__PROBLEM DESCRIPTION__
Any pictures in the records below must be left out when you repeat the lines from the line containing "Protestas de educadores" through the line containing "03829-0001 29" exactly.
══ SUPPLIED MATERIAL ══
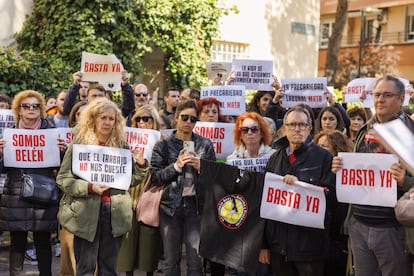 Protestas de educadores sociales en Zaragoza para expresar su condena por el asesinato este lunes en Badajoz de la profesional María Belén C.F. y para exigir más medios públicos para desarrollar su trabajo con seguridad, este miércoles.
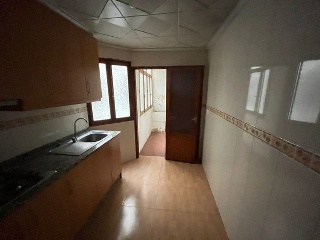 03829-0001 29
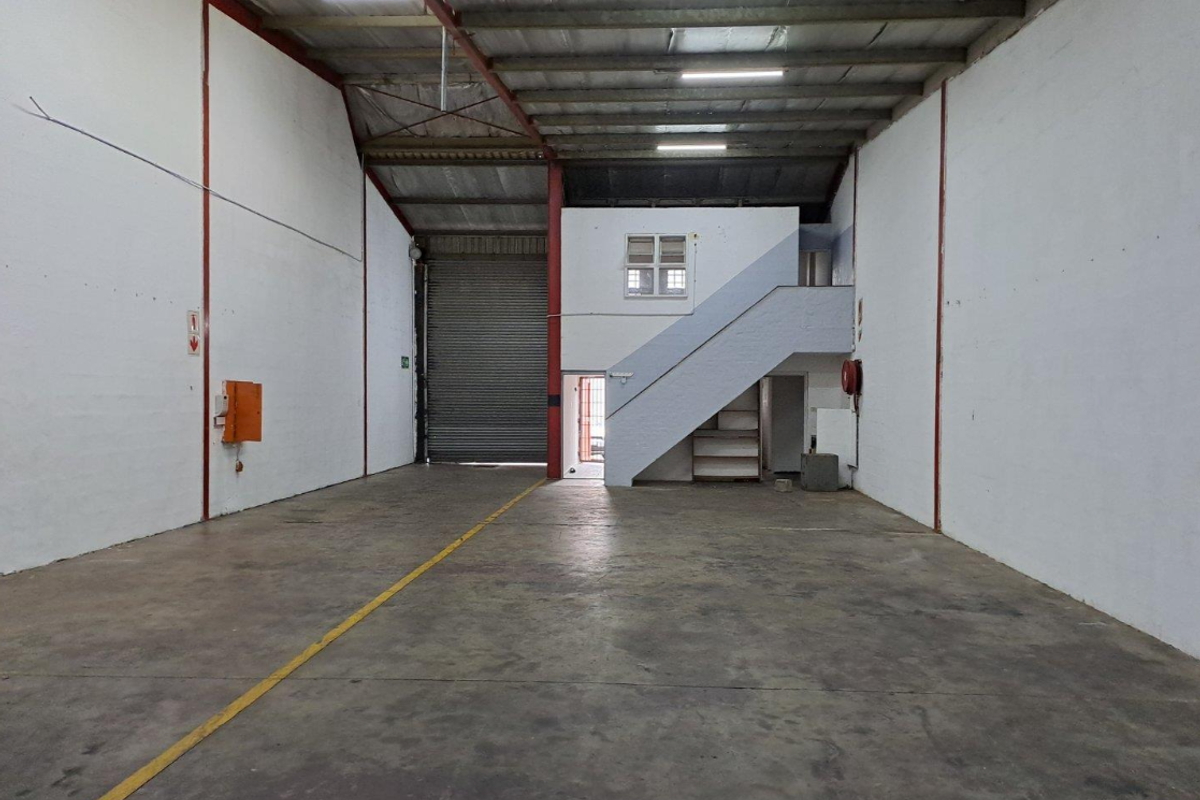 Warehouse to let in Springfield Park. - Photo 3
═══
══ SUPPLIED MATERIAL ══
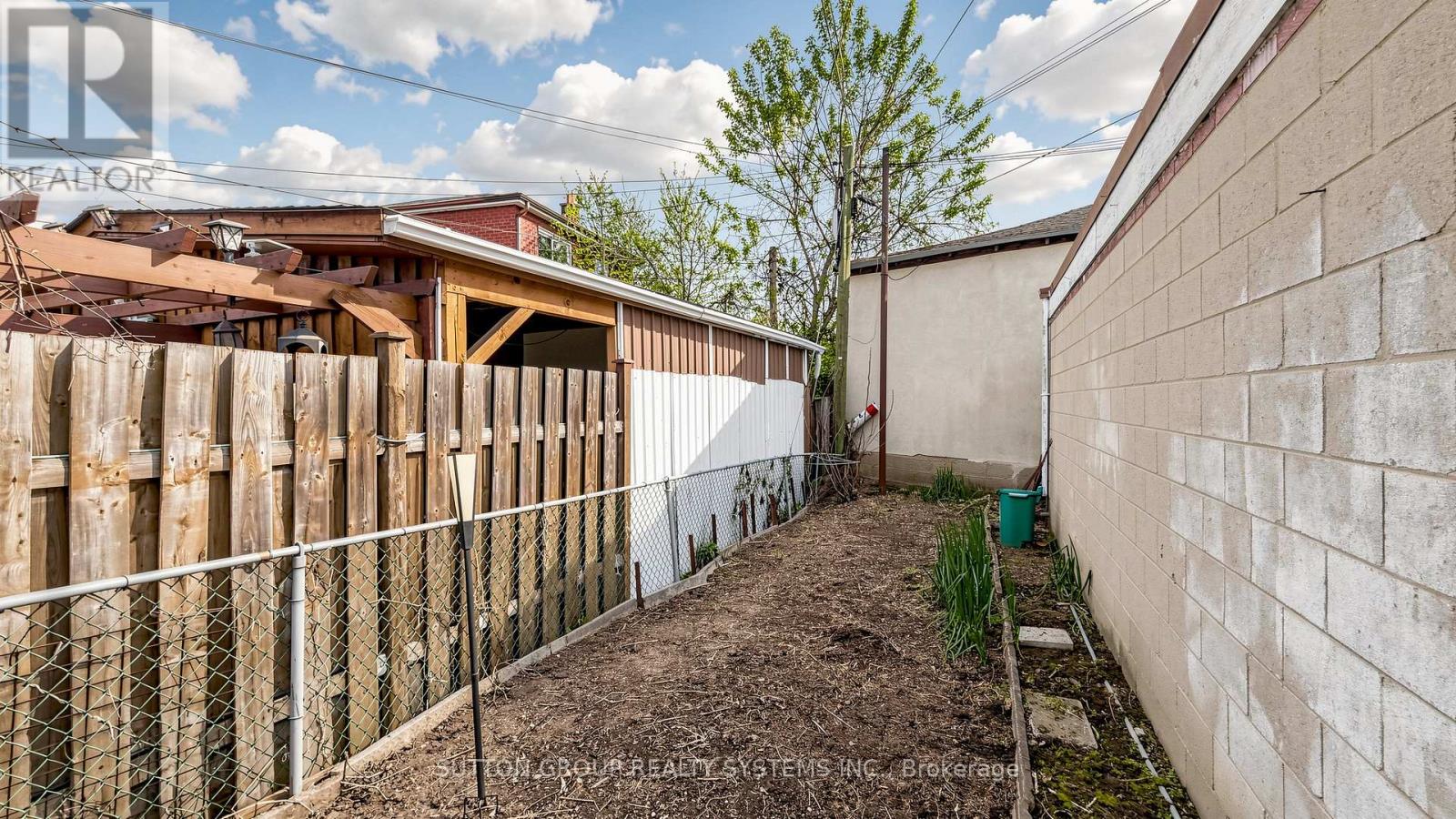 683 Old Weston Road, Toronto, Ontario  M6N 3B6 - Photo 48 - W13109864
═══
__FINISHED TASK__
 Protestas de educadores sociales en Zaragoza para expresar su condena por el asesinato este lunes en Badajoz de la profesional María Belén C.F. y para exigir más medios públicos para desarrollar su trabajo con seguridad, este miércoles.
 03829-0001 29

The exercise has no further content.